7 Dec 2017
A USC academic who specialises in using drones to map physical geography over land and sea is excited by his research observations after returning from a flagship 21-day expedition, ‘GBR Legacy Search for the Super Corals’.
Senior Lecturer Dr Javier Leon, who coordinates USC’s Bachelor of Environmental Science, was delighted to join the Great Barrier Reef (GBR) Legacy expedition team on a vessel in the remote far north coastal waters of Australia.
Dr Leon, who is now at Port Douglas, will be among team members outlining their findings at a public symposium tomorrow, Friday 8 December, from 7pm to 9pm at Hemmingway’s Brewery at the Reef Marina in Port Douglas.
GBR Legacy was founded by scientists, tourism operators, media professionals and educators to help ensure the long-term survival of the Great Barrier Reef and coral reefs worldwide.
The expedition, sponsored by crowd-funding, small business, the Australian band Midnight Oil and the Northern Escape Collection, focused on identifying species of coral that were least prone to bleaching. On board was a marine biologist known as the ‘Godfather of Coral’, Dr Charlie Veron.
Dr Leon said he would tomorrow discuss his mapping of 13 inshore and outer reef sites, using drones, satellite imagery and underwater 3D and habitat surveying techniques.
“The research was an eye opener as we faced large extents of bleached coral but also many pockets of very healthy coral and everything from whales and dolphins to turtles and crocodiles,” said Dr Leon, whose fieldwork included flying a drone in the air and underwater mapping while snorkelling.

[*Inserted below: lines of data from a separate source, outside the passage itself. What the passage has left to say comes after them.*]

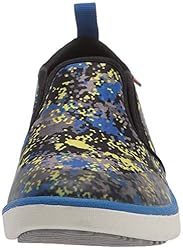 BOGS Kicker Slip-On Micro Camo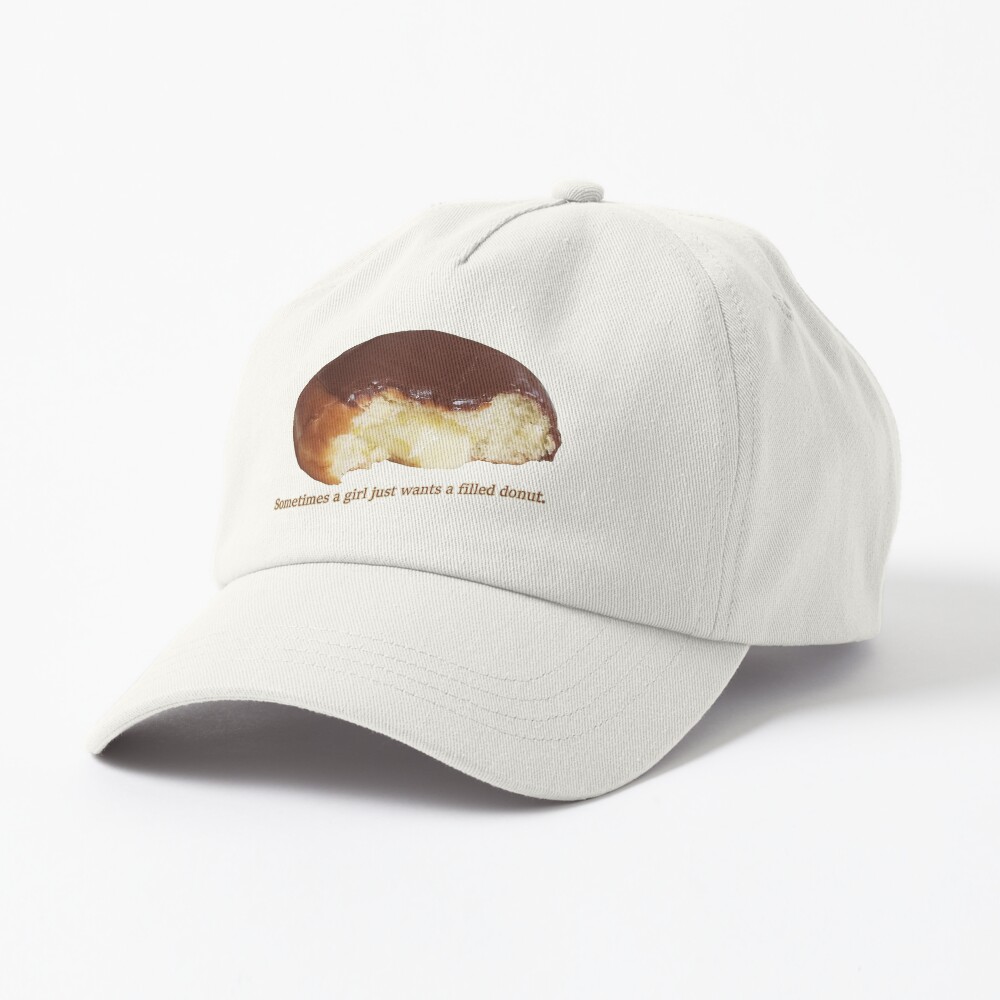 Item preview, Dad Hat designed and sold by Vixen-Games.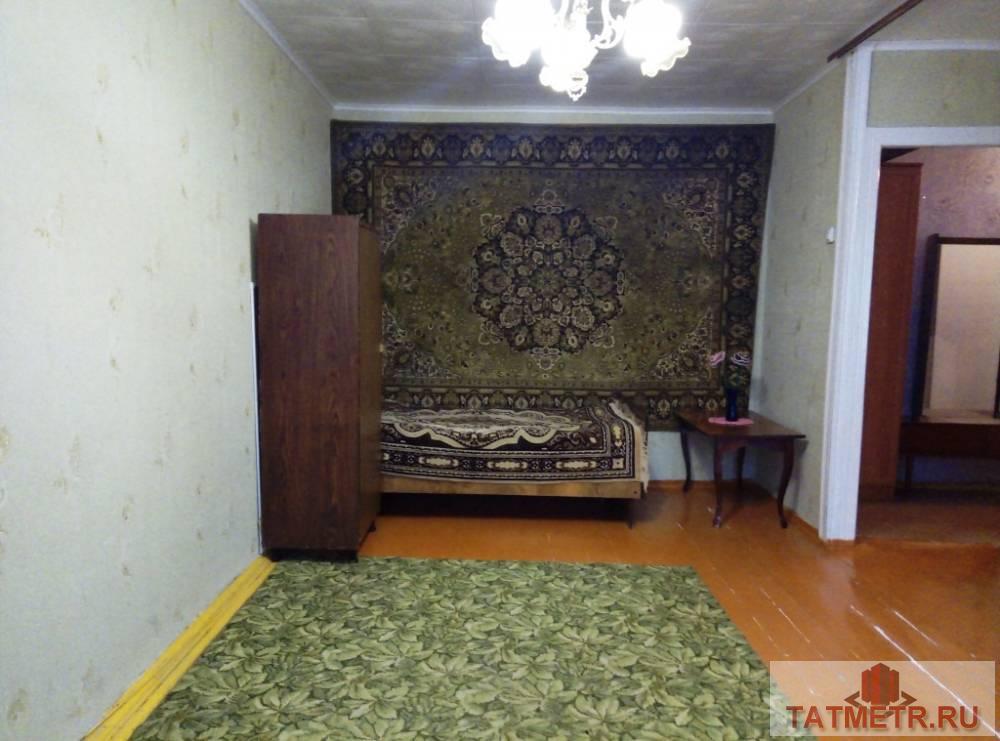 Продажа / Квартиры, Зеленодольск, Засорина улица, 1 499 000 Продается отличная однокомнатная квартира в отличном районе г. Зеленодольск. Квартира светлая, уютная, теплая в... - 1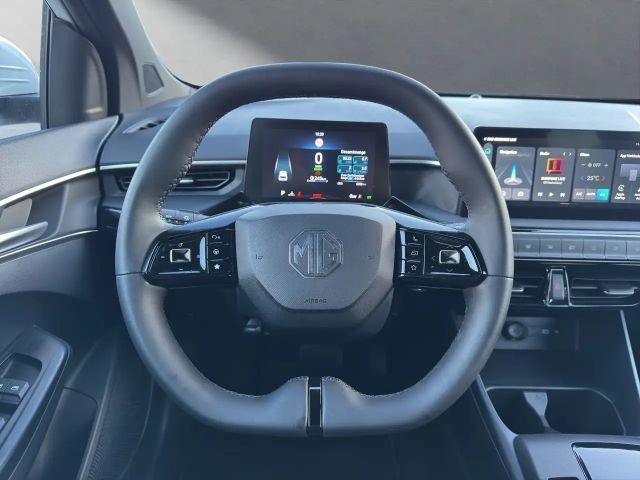 MG MG3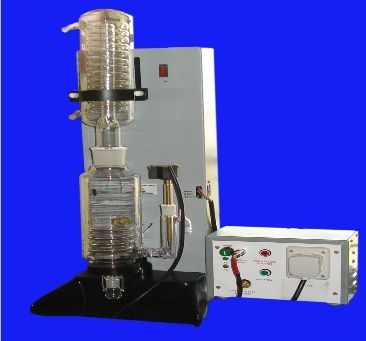 Distillation Unit 02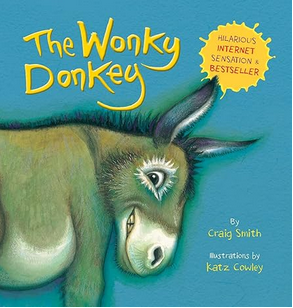 The Wonky Donkey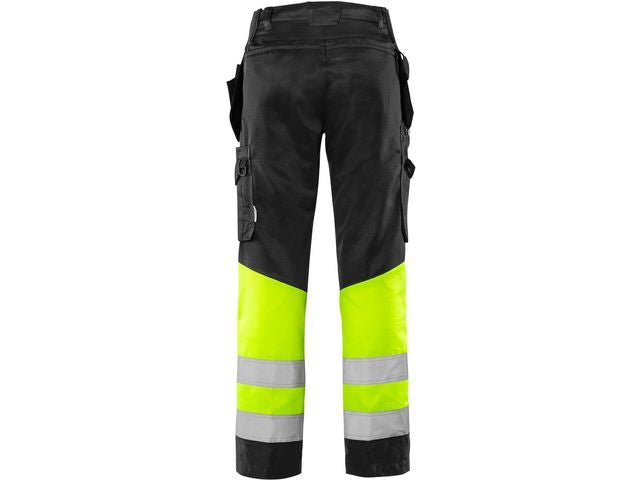 Hantvbyx varsel green 2640 GPLU kl1 d92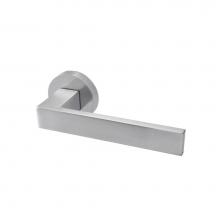Linnea LL100R52-SDLH-SSS - LL100R52-SDLH-SSS Door Hardware Levers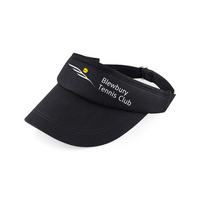 Load image into Gallery viewer, Blewbury Tennis Club - Club Visor
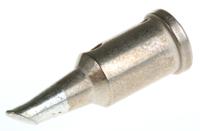 11288470 Portasol 3.2 mm Straight Conical Soldering Iron Tip for use with Pro Piezo Gas Soldering Iron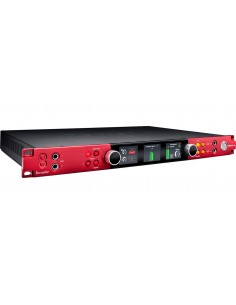 FOCUSRITE RED 8 LINE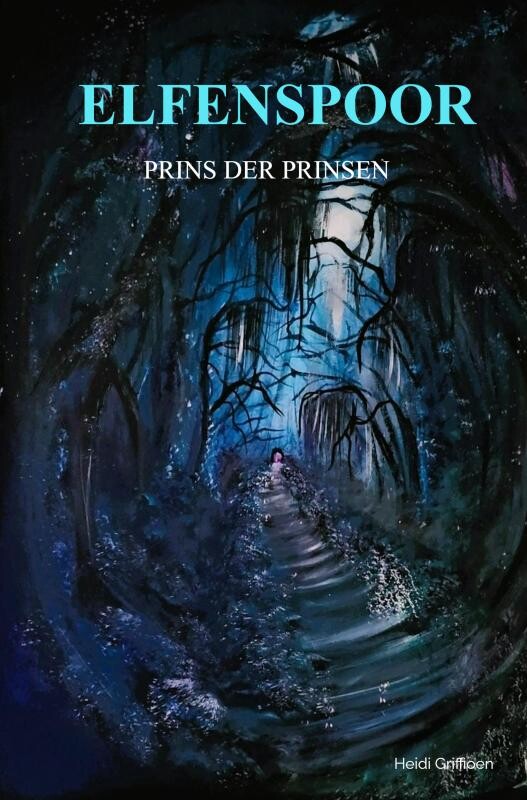 Elfenspoor - prins der prinsen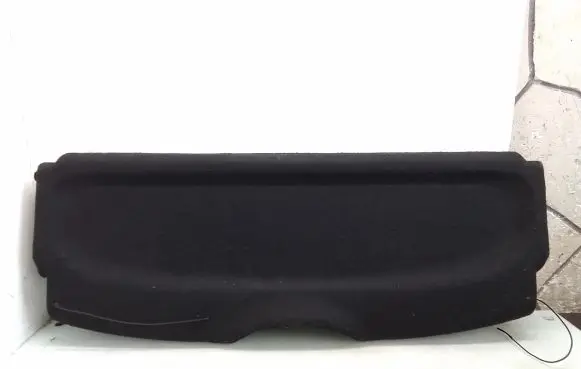 Peugeot 206 Parcel shelf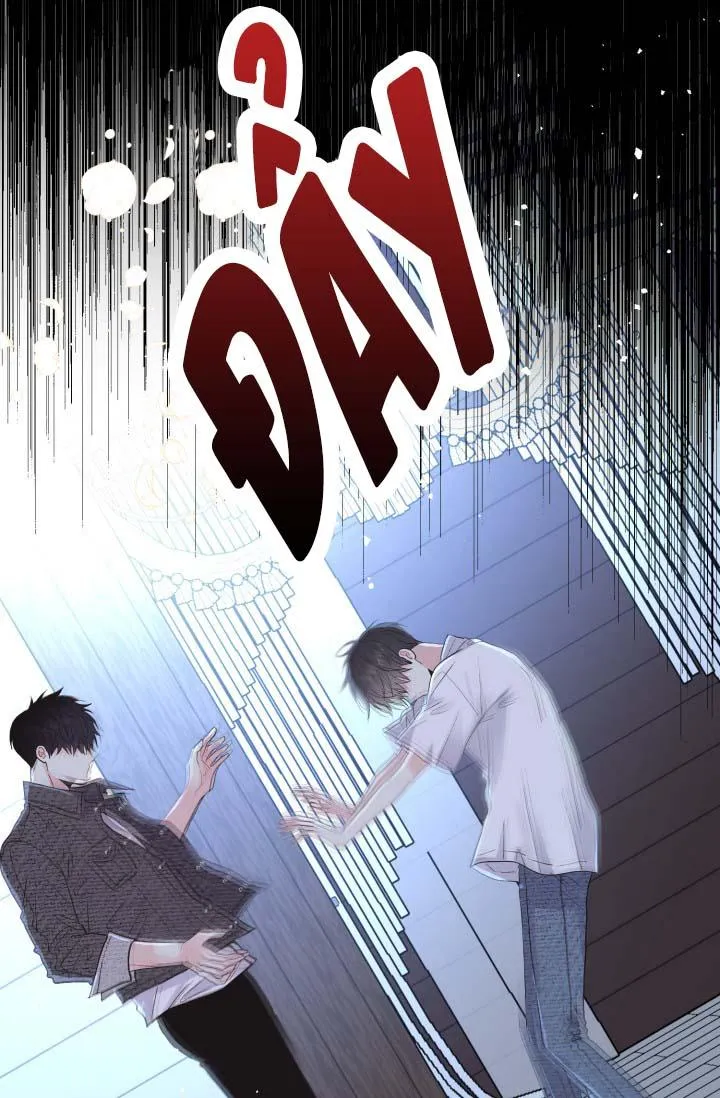 YÊU THÊM LẦN NỮA (LOVE ME AGAIN) Chapter 3 Trang 21
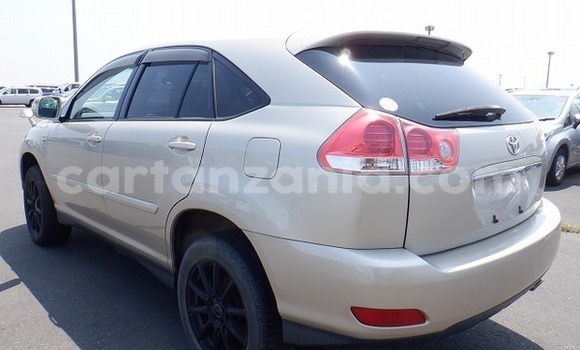 Nunua Ilio tumika Toyota Harrier Fedha Gari ndani ya Dar es Salaam nchini Dar es Salaam Nunua Ilio tumika Toyota Harrier Fedha Gari ndani ya Dar es Salaam nchini Dar es Salaam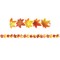 Teacher Created Resources Fall Leaves Die-Cut Border Trim, 35 Feet Per Pack, 6PK TCR8579 - alternate 3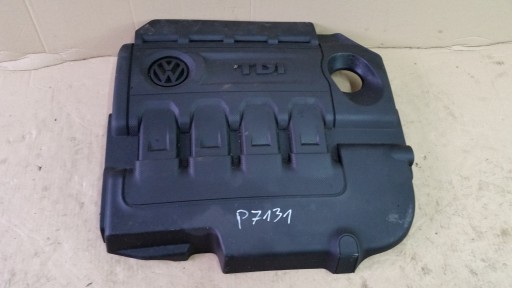 Кришка капота двигуна vw 2.0 1.6 TDI 04L103925AE - 1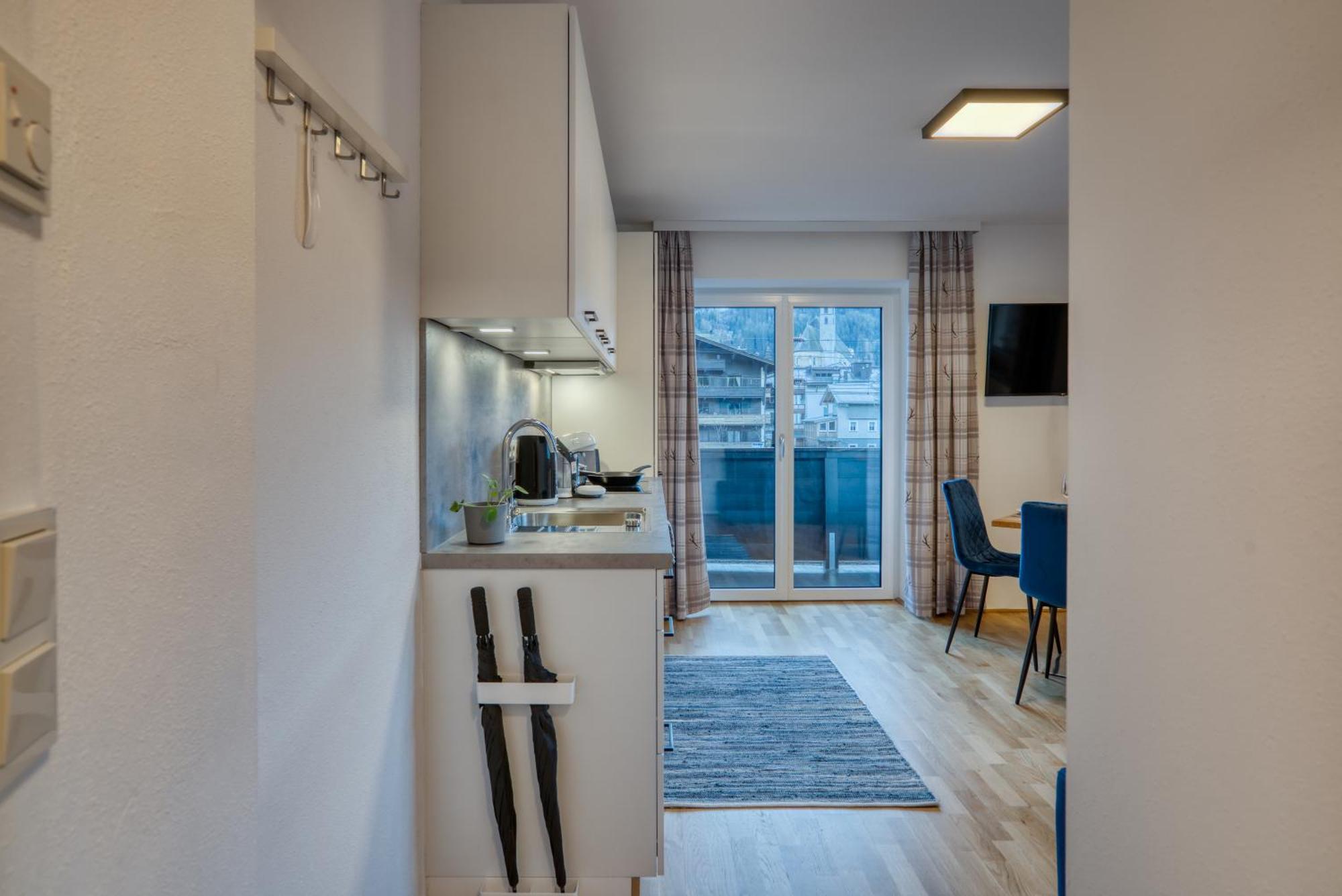 Na-Home Kitzbuehel Exterior photo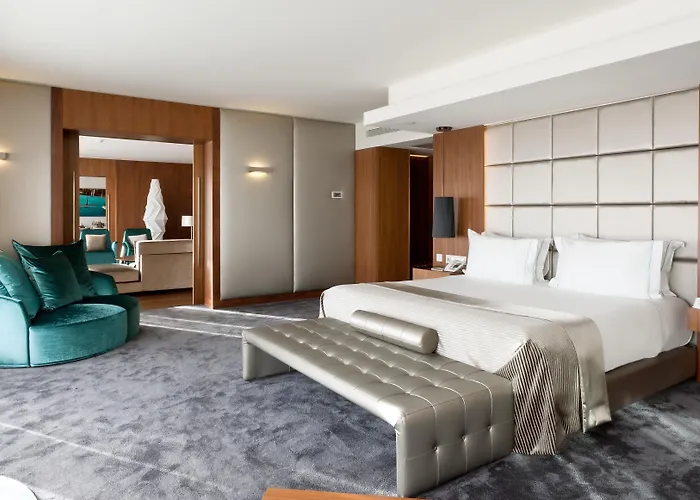 Hotel Epic Sana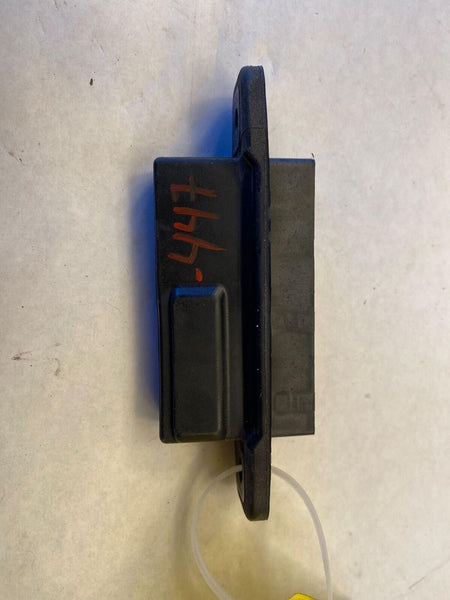 2015 TOYOTA PRIUS Hatchback Rear Trunk Lid Latch Hatch Open Button Close Switch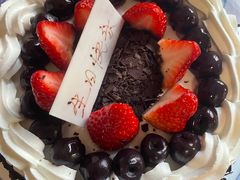 -大连铂尔曼酒店-铂尔曼美食廊 Pullman Deli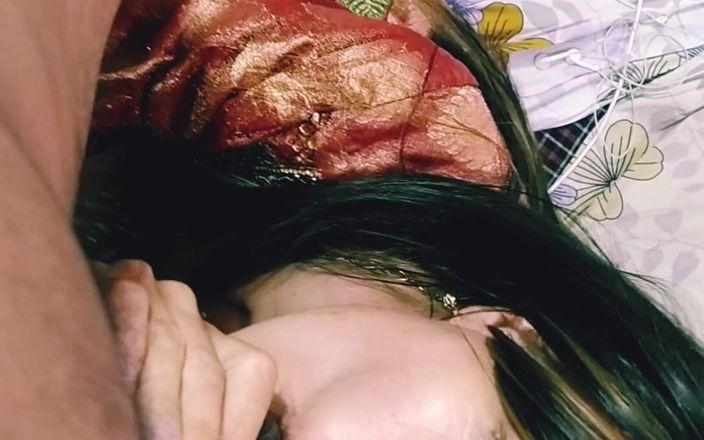 Bolly Karma: Cena anal sensacional! O pau mais duro de todos os...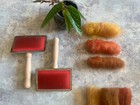 Heidifeathers®  Hand Carders or Single Flick Carder - Wool Carders - Felting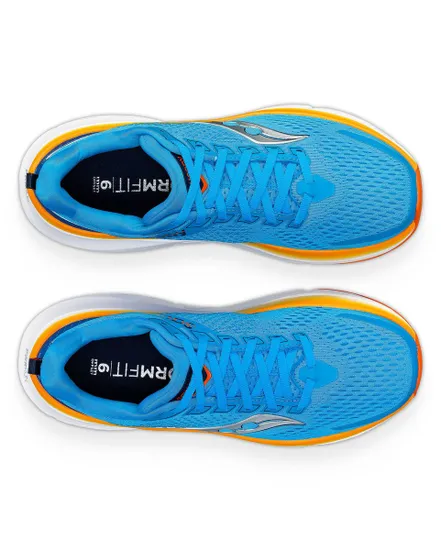 Chaussures de running Homme GUIDE 17 Bleu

“We discovered a new site that had the most diversity of Acropora corals ever seen, including a new species of branching coral.
“There was evidence of baby corals growing from the latest bleaching event, which really gave people hope that the Reef is still alive,” he said.
Dr Leon will return to USC at Sippy Downs next week to start analysing 39,000 drone images and 117,000 underwater photos.
His research paper will be titled, ‘Multiscale coral reef mapping: the project aims to semi-automatically classify and map coral growth form and bleaching conditions using very high resolution imagery derived from drones and underwater imagery’.